# Empirical Bayes - estimation of parameters with mixture of gamma priors and observed data

Hello,

I am trying to calculate a disproportionality measure using an Empirical Bayes method. A really good work has been done in SAS to achieve the goal and available here : Disproportionality-Measures-with-SAS/ebgm.sas at master · statmike/Disproportionality-Measures-with-SAS · GitHub

I am trying to replicate this method in Python using Pymc library. However I’m can’t get the MCMC to work to estimate the parameters. The distribution is assumed to be a mixture of two gamma distribution (priors) and the data (N11, and E11 observed) allow to generate the posterior. I get an output in python but it is not aligned with the SAS results.

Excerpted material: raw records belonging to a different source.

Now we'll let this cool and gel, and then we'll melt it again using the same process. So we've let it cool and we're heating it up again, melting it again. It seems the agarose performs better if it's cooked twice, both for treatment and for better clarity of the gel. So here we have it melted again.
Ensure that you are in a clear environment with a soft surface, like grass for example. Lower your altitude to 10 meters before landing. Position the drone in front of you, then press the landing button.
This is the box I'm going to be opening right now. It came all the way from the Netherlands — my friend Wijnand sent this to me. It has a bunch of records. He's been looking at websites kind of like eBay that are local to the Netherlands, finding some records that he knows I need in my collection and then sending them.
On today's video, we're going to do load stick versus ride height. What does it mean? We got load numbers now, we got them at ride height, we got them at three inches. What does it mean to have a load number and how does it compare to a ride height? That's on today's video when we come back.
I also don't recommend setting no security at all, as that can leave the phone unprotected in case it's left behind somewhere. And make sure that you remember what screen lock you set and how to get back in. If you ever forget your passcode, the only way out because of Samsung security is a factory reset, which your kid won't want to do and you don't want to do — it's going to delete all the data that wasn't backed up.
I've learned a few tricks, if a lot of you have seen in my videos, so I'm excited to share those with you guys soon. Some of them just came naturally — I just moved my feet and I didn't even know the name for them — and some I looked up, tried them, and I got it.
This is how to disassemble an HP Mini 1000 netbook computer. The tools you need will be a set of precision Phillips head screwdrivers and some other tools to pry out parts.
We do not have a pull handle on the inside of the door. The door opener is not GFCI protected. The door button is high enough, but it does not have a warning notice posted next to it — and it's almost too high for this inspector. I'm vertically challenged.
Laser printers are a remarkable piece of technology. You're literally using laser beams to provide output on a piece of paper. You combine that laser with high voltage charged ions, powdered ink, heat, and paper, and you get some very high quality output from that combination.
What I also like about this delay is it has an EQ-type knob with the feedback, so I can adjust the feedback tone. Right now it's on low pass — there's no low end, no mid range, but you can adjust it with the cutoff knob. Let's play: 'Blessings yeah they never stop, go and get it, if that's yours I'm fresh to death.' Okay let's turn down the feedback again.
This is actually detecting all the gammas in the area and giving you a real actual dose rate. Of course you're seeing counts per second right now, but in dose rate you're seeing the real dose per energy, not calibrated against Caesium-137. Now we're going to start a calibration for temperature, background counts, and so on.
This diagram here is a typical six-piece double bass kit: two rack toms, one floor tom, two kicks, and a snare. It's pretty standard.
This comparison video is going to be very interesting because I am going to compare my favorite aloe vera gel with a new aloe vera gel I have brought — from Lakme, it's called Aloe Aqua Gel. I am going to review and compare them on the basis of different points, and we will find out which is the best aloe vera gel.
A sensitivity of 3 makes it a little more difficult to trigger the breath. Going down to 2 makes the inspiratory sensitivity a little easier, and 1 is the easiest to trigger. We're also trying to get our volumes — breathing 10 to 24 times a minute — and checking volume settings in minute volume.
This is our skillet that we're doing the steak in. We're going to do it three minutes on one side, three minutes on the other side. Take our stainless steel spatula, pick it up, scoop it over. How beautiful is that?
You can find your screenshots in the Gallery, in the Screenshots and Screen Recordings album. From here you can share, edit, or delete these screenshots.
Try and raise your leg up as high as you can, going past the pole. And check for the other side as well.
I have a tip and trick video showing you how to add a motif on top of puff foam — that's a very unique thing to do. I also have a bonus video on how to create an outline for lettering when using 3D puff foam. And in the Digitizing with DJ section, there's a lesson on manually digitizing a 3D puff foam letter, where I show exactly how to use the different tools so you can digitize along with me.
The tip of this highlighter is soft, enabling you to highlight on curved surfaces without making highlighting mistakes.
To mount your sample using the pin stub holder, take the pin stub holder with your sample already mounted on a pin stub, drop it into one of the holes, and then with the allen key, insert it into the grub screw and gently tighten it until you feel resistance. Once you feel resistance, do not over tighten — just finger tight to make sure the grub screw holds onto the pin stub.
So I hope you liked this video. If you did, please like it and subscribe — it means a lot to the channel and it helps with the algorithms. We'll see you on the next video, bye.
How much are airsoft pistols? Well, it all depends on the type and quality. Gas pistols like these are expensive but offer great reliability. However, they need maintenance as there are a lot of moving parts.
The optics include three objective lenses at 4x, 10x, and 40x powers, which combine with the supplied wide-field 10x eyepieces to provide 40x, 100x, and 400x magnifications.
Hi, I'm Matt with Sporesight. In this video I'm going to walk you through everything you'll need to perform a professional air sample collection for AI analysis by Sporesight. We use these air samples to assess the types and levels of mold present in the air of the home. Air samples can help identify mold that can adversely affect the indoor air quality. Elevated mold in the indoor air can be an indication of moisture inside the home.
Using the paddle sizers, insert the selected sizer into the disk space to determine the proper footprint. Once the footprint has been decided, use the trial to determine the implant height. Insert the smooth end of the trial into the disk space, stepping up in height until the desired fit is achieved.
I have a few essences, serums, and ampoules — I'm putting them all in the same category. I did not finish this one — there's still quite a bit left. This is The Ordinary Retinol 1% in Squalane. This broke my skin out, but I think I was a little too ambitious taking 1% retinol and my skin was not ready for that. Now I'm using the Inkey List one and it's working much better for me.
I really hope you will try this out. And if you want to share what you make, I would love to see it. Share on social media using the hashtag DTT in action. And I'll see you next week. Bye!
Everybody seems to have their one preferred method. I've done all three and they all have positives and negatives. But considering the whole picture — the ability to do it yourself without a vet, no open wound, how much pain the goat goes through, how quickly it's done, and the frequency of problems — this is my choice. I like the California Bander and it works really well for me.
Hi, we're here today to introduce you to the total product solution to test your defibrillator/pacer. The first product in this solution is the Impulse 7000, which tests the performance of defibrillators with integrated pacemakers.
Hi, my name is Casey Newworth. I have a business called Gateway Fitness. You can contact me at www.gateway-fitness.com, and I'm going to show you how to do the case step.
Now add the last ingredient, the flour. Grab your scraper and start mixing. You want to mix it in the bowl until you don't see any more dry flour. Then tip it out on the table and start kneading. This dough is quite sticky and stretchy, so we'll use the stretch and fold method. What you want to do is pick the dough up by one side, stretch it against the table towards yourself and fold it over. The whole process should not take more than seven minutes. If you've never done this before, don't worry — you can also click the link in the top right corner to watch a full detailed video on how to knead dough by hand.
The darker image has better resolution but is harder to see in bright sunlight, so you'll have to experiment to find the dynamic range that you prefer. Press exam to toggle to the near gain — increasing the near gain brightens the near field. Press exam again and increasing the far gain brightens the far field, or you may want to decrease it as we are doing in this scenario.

In particular here is the SAS code I am trying to replicate in Python :

ods output PostSumInt = work.MCMC_PARMS;
proc mcmc data=&outds. seed=32259 nmc=10000 thin=5 nthread=6 propcov=quanew monitor=(Mix_p alpha1 alpha2 beta1 beta2);
parms Mix_p 0.3333 alpha1 .2 alpha2 2 beta1 .1 beta2 4;

/**Generic gamma priors*/
prior alpha1 beta1 ~ gamma(1, iscale=1);
prior alpha2 beta2 ~ gamma(1, iscale=1);
prior Mix_p ~ uniform(0,1);

const1=lgamma(alpha1+N11) - lgamma(alpha1) - lgamma(N11+1);
const2=lgamma(alpha2+N11) - lgamma(alpha2) - lgamma(N11+1);
LogL1=const1 - N11*log(1+beta1/E11) - alpha1*log(1+E11/beta1);
LogL2=const2 - N11*log(1+beta2/E11) - alpha2*log(1+E11/beta2);
llike = log(Mix_p*exp(LogL1) + (1-Mix_p)*exp(LogL2));
model N11 ~ general(llike);
run;


Here is my code in Python :

with pm.Model() as model2:

def likelihood(theta,E11,N11):
Mix_p,alpha1,alpha2,beta1,beta2 = theta

const1=at.gammaln(alpha1+N11) - at.gammaln(alpha1) - at.gammaln(N11+1)
const2=at.gammaln(alpha2+N11) - at.gammaln(alpha2) - at.gammaln(N11+1)
LogL1=const1 - N11*np.log(1+beta1/E11) - alpha1*np.log(1+E11/beta1)
LogL2=const2 - N11*np.log(1+beta2/E11) - alpha2*np.log(1+E11/beta2)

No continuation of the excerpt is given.